The data:
%%
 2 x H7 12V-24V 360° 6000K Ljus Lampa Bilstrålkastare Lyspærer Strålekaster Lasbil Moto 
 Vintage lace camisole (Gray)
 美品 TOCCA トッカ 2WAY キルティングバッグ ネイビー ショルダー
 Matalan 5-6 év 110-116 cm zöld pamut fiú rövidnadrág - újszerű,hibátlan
%%
%%
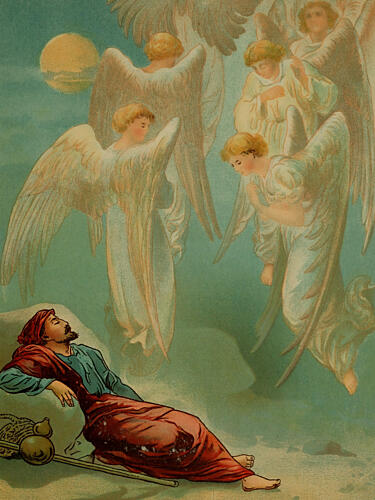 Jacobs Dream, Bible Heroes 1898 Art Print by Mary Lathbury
%%
%%
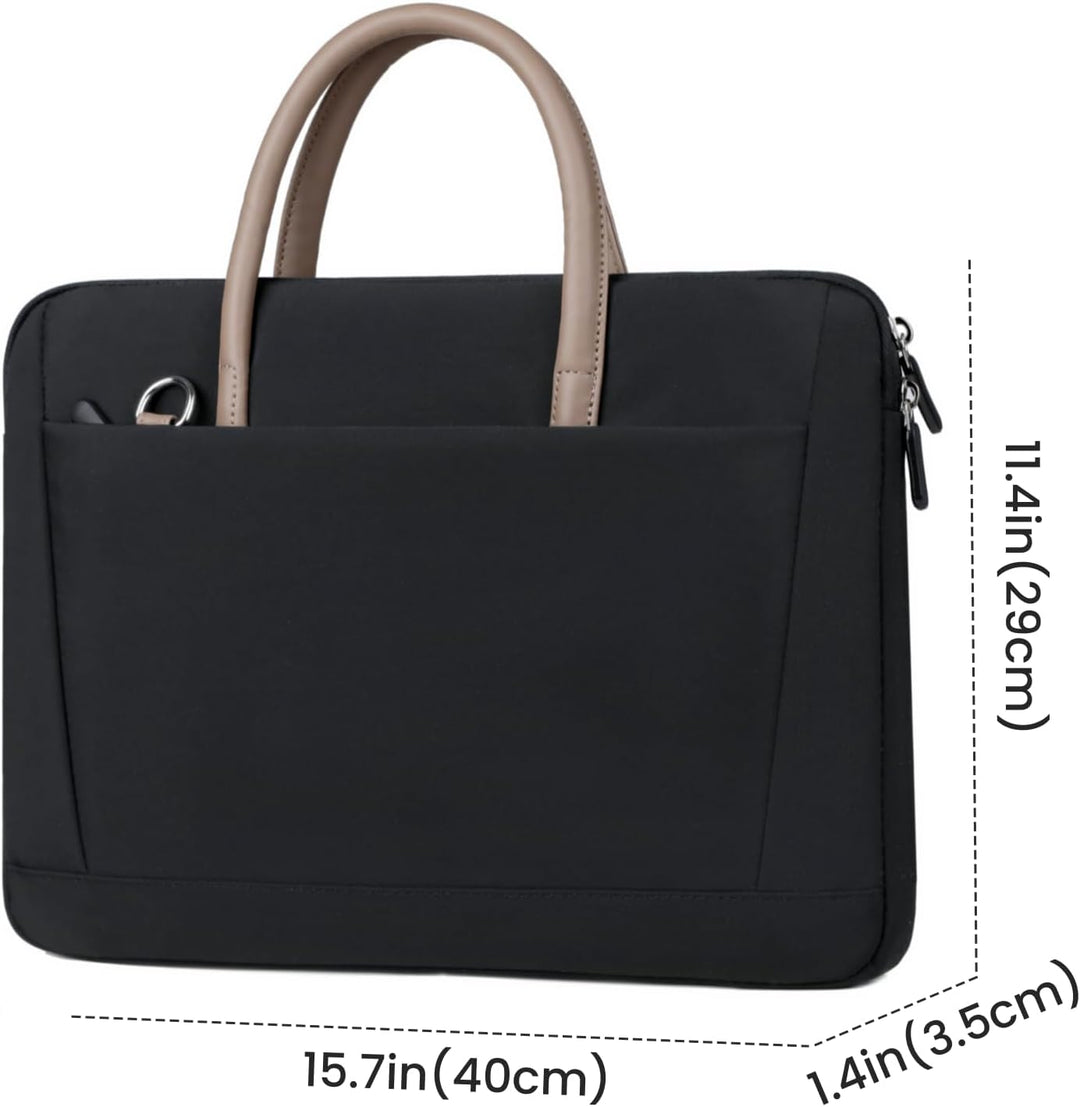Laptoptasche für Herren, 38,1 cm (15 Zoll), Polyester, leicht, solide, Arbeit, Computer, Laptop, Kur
%%
From the records above, print exactly the lines that run from the line with "2 x H7 12V-24V" to the line with "Matalan 5-6 év", inclusive.

Your solution:
 2 x H7 12V-24V 360° 6000K Ljus Lampa Bilstrålkastare Lyspærer Strålekaster Lasbil Moto 
 Vintage lace camisole (Gray)
 美品 TOCCA トッカ 2WAY キルティングバッグ ネイビー ショルダー
 Matalan 5-6 év 110-116 cm zöld pamut fiú rövidnadrág - újszerű,hibátlan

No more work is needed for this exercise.